Philly congressional candidate fails to file campaign finance report

Congressional candidate Michele Lawrence speaks to supporters at her campaign headquarters. (Dave Davies/WHYY)

Congressional candidate Michele Lawrence speaks to supporters at her campaign headquarters. (Dave Davies/WHYY)

When Philadelphia congressional candidate Michele Lawrence talks about being ready to make a difference in Washington, she notes that she’s spent 28 years in banking.

“I have a background in finance,” she said in a recent interview. “I’ve managed a $5 billion business.”

Lawrence retired from Wells Fargo last year.

It’s puzzling, then, that Lawrence is the only one of 25 Democratic candidates in congressional primaries in the region this spring who failed to file a required campaign finance report detailing her campaign’s contributions and spending.

Campaign spokesman Dan Gross acknowledged that Lawrence had failed to file, but was unable to offer an explanation. “We will file a campaign finance report before the election,” he said.

Reports were due April 15, and the Federal Election Commission typically levies fines on campaigns that file late or not at all.

Uphill battle

Lawrence is the only Democrat challenging U.S. Rep.
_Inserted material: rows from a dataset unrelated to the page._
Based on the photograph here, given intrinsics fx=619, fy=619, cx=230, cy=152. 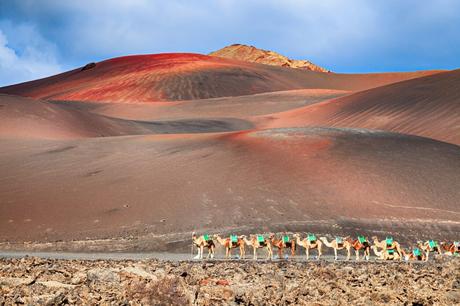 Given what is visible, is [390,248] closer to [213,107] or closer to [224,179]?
[224,179]

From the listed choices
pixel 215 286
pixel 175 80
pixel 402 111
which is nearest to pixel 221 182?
pixel 215 286

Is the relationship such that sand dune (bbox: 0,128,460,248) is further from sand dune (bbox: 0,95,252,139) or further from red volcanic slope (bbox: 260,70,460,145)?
red volcanic slope (bbox: 260,70,460,145)

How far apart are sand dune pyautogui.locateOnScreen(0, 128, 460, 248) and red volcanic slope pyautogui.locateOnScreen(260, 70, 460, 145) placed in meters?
11.7

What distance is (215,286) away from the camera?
8.47 meters

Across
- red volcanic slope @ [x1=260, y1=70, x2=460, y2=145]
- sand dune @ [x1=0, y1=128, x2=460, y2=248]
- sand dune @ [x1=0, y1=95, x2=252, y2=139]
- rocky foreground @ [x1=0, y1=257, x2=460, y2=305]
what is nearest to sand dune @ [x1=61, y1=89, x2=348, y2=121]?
red volcanic slope @ [x1=260, y1=70, x2=460, y2=145]

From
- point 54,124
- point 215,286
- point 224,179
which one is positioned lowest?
point 224,179

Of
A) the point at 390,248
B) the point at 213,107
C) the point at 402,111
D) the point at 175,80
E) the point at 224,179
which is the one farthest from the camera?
the point at 175,80

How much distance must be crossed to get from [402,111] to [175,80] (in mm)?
70033

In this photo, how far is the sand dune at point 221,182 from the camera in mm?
29078

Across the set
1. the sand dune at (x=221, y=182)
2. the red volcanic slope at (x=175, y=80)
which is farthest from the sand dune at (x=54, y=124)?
the red volcanic slope at (x=175, y=80)

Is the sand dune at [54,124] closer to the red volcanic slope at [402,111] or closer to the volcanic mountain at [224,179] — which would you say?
the volcanic mountain at [224,179]

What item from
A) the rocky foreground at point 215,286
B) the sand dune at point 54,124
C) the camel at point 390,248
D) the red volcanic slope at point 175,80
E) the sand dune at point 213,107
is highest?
the red volcanic slope at point 175,80

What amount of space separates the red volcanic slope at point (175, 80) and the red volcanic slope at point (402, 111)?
43.7 metres

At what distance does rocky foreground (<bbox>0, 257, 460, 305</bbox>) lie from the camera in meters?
7.73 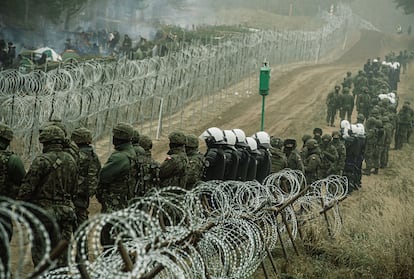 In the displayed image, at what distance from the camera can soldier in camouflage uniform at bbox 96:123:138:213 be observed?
25.6 feet

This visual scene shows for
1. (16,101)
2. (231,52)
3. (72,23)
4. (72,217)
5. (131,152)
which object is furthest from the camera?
(72,23)

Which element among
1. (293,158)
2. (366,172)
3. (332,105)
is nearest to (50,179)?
(293,158)

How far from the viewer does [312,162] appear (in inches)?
509

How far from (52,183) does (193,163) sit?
266cm

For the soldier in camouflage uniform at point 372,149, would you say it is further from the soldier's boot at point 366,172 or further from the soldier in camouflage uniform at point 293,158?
the soldier in camouflage uniform at point 293,158

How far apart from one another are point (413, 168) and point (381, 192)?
5519 mm

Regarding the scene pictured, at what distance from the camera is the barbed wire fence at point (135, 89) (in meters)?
13.2

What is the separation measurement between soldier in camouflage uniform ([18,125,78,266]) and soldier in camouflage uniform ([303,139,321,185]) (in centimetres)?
676

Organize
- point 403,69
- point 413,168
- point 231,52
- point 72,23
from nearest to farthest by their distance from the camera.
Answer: point 413,168
point 231,52
point 72,23
point 403,69

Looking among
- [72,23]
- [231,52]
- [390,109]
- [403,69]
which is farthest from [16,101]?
[403,69]

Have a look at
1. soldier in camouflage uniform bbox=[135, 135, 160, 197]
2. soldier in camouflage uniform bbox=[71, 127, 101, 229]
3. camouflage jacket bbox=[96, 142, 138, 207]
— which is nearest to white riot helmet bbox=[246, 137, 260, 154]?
soldier in camouflage uniform bbox=[135, 135, 160, 197]

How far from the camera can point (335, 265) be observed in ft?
29.2

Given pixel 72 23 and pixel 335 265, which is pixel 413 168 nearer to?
pixel 335 265

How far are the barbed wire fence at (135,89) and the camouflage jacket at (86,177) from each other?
433 centimetres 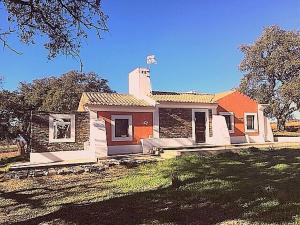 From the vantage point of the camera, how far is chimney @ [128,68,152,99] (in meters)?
26.1

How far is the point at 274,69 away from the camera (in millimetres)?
39094

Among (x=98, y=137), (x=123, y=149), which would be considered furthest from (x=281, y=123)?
(x=98, y=137)

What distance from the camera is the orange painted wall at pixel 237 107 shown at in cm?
2717

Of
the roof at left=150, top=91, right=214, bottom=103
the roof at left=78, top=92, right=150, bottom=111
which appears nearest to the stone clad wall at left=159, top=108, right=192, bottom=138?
the roof at left=150, top=91, right=214, bottom=103

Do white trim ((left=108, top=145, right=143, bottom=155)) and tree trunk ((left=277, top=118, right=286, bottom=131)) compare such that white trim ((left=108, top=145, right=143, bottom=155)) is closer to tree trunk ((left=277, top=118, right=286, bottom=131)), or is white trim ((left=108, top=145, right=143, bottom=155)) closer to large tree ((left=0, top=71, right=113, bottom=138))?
large tree ((left=0, top=71, right=113, bottom=138))

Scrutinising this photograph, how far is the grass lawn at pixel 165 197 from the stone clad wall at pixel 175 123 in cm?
784

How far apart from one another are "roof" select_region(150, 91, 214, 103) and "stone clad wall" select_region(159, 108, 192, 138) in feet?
2.50

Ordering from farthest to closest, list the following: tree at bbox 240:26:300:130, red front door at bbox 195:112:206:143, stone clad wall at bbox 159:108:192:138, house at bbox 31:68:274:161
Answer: tree at bbox 240:26:300:130
red front door at bbox 195:112:206:143
stone clad wall at bbox 159:108:192:138
house at bbox 31:68:274:161

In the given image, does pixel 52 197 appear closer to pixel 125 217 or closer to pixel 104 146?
pixel 125 217

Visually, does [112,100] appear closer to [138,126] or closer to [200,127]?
[138,126]

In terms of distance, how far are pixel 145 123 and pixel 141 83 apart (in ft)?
12.8

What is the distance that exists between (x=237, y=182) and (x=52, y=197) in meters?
6.24

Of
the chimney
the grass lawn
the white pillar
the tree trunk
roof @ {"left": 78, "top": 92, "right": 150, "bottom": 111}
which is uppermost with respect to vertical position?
the chimney

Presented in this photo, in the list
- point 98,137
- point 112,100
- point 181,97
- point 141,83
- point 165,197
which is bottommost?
point 165,197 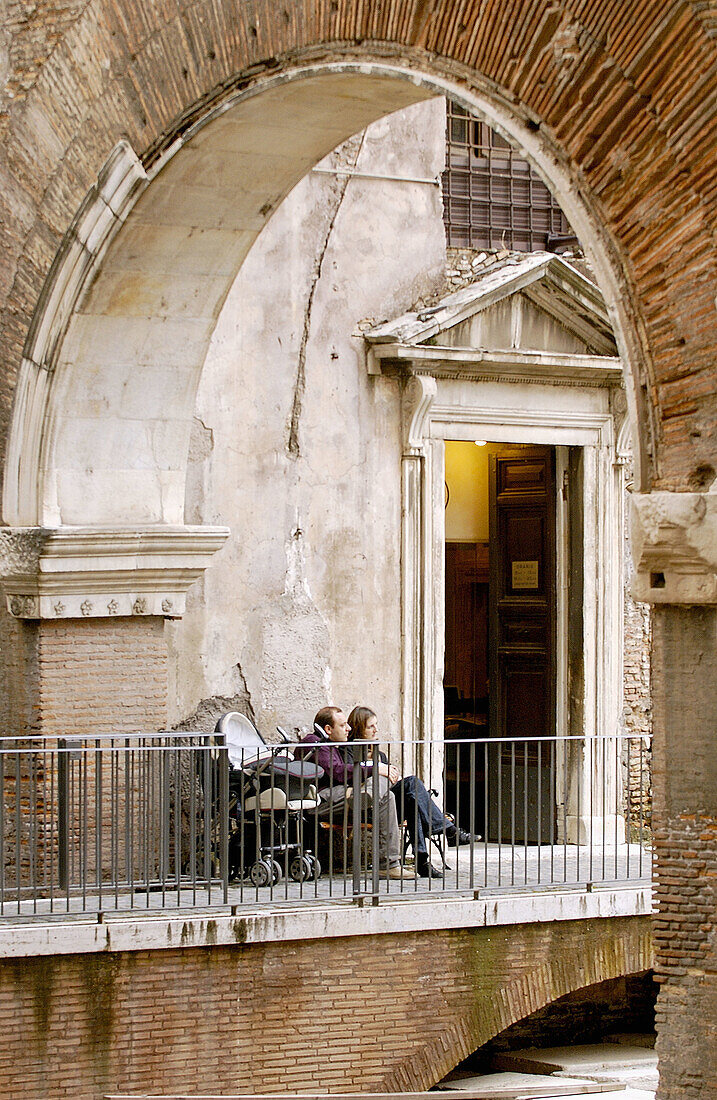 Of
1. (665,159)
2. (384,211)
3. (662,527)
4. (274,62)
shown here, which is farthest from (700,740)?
(384,211)

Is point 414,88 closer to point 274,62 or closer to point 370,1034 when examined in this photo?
point 274,62

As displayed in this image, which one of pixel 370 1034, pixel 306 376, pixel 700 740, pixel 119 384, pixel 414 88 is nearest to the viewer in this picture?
pixel 700 740

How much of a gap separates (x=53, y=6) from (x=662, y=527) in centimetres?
483

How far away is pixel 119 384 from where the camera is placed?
977 centimetres

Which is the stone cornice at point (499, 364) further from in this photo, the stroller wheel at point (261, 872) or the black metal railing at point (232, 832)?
the stroller wheel at point (261, 872)

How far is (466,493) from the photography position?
42.8 ft

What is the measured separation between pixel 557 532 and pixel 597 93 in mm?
5982

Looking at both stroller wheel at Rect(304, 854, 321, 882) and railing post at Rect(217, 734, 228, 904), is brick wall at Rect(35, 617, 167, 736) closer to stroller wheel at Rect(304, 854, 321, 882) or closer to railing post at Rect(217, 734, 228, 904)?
railing post at Rect(217, 734, 228, 904)

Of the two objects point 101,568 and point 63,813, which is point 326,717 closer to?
point 101,568

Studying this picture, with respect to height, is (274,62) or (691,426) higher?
(274,62)

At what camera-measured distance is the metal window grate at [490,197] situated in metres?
11.9

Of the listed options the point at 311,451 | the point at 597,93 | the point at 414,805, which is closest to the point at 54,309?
the point at 311,451

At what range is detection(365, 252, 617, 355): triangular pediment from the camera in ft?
37.0

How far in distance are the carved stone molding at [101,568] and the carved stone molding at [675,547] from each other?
423 cm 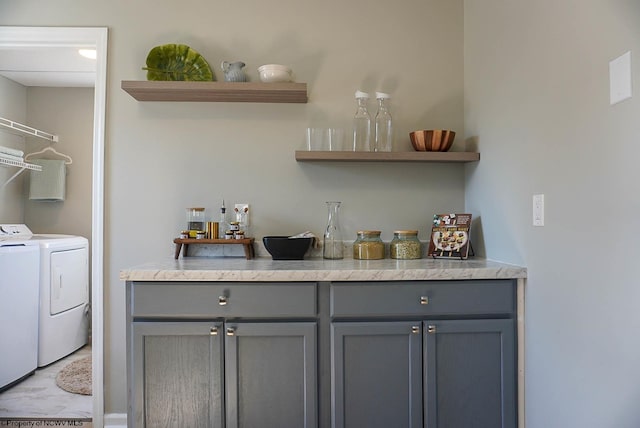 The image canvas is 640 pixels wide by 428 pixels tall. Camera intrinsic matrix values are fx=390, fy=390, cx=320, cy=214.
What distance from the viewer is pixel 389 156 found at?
199cm

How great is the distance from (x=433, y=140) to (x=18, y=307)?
2942mm

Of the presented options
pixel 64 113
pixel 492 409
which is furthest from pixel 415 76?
pixel 64 113

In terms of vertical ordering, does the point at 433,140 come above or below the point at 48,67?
below

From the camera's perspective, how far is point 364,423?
5.18ft

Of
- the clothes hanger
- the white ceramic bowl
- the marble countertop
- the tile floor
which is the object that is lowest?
the tile floor

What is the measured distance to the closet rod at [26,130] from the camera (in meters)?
3.16

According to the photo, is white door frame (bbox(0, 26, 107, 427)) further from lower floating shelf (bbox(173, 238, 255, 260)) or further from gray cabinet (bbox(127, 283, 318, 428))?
gray cabinet (bbox(127, 283, 318, 428))

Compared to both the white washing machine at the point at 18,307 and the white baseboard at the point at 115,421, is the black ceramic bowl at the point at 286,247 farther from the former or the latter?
the white washing machine at the point at 18,307

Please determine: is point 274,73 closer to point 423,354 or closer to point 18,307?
point 423,354

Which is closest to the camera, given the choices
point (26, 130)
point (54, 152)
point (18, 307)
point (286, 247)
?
point (286, 247)

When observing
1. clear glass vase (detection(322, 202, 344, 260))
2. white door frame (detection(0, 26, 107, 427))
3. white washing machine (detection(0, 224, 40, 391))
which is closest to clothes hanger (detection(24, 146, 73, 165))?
white washing machine (detection(0, 224, 40, 391))

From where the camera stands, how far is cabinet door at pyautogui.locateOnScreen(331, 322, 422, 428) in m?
1.58

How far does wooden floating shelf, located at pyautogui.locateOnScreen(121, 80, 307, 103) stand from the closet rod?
1.88 m

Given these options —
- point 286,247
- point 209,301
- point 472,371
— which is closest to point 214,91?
point 286,247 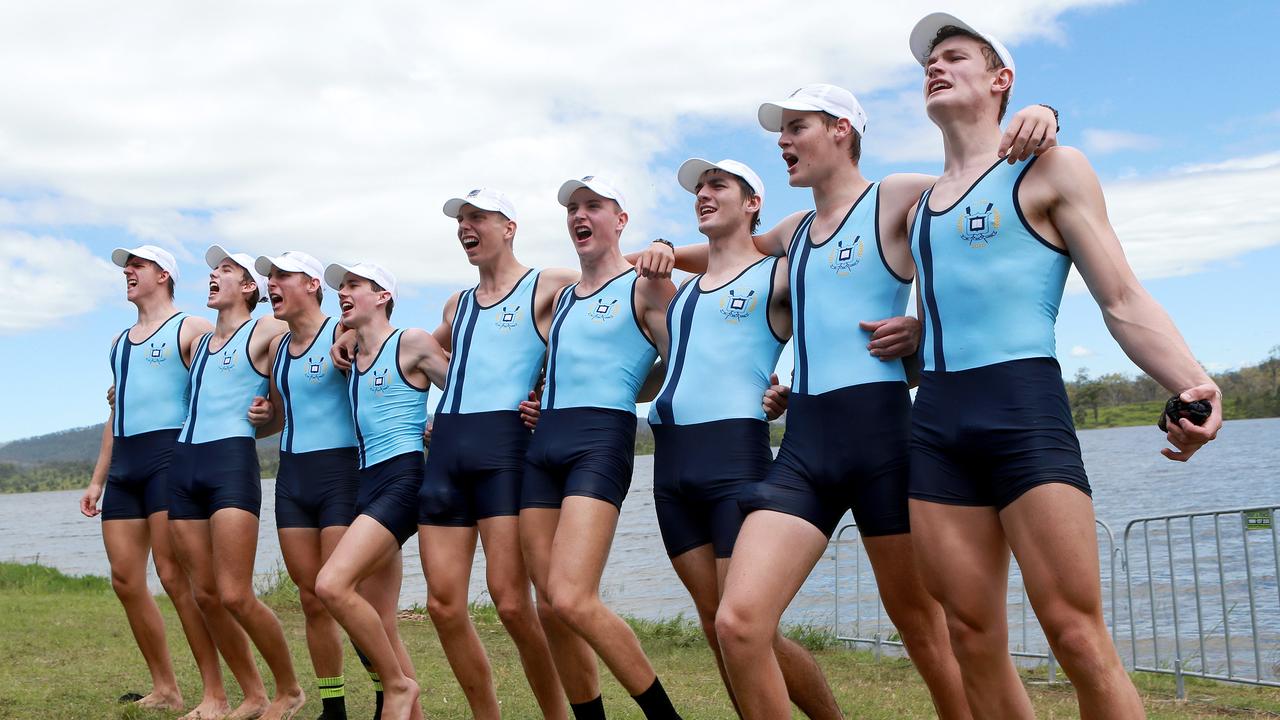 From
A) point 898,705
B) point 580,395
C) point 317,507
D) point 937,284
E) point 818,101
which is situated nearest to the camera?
point 937,284

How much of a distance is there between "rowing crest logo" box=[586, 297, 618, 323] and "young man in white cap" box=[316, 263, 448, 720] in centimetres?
126

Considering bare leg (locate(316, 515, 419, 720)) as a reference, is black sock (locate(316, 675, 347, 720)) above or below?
below

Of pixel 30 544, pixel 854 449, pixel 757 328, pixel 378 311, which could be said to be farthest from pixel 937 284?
pixel 30 544

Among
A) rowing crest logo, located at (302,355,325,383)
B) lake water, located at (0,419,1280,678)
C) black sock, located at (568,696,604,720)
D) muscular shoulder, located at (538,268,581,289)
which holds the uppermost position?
muscular shoulder, located at (538,268,581,289)

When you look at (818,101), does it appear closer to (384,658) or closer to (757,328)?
(757,328)

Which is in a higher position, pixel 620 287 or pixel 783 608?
pixel 620 287

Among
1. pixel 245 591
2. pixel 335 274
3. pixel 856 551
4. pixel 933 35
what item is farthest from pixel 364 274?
pixel 856 551

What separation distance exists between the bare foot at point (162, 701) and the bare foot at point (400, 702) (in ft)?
7.18

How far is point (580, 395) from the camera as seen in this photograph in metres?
5.94

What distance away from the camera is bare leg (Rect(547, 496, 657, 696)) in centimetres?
553

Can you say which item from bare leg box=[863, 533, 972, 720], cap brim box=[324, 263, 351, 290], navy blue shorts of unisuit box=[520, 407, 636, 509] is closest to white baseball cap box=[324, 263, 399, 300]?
cap brim box=[324, 263, 351, 290]

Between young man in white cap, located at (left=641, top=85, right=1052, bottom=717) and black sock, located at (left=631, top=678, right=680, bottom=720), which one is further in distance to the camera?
black sock, located at (left=631, top=678, right=680, bottom=720)

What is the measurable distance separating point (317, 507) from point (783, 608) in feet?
11.7

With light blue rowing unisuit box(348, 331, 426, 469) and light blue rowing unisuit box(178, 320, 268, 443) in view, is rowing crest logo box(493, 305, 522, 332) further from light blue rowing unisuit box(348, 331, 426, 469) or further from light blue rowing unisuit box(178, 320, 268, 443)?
light blue rowing unisuit box(178, 320, 268, 443) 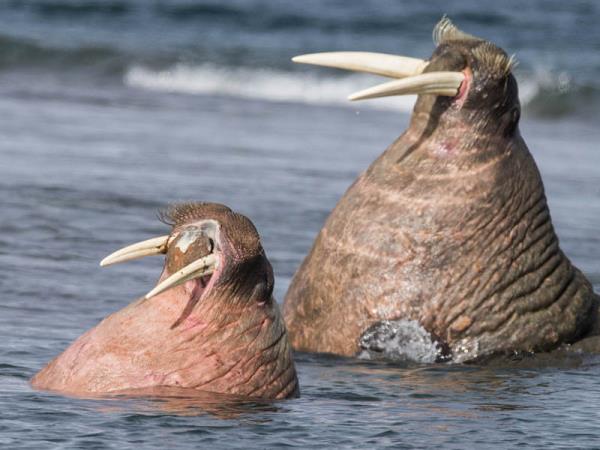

Brendan Boyle in the 2nd Congressional District, which consists of the eastern half of Philadelphia.

Boyle previously represented the 13th Congressional district, which included parts of Northeast Philadelphia and Montgomery County. The Pennsylvania Supreme Court redrew all the state’s congressional boundaries after finding the previous districts unconstitutionally gerrymandered, and Boyle lives in the new 2nd District.

Boyle’s campaign finance report shows he had $869,636 on hand as of March 31.

Besides her work in banking, Lawrence has been involved in community service roles for years. She founded a nonprofit in 2011 called Saving Our Boys Leadership Development Institute aimed at helping disadvantaged kids overcome obstacles in their lives and develop leadership skills.

She also serves on the board of Big Brothers/Big Sisters and is a minster at the Dare to Imagine Church in East Mt. Airy.

In her campaign, she’s focused on issues of education, economic justice, and curbing gun violence.

“I come from a financial background, and it’s a shame when you need more paperwork to get a loan than you need to get a gun,” she told supporters at a news conference earlier this week. “Those are things we have to put an end to.”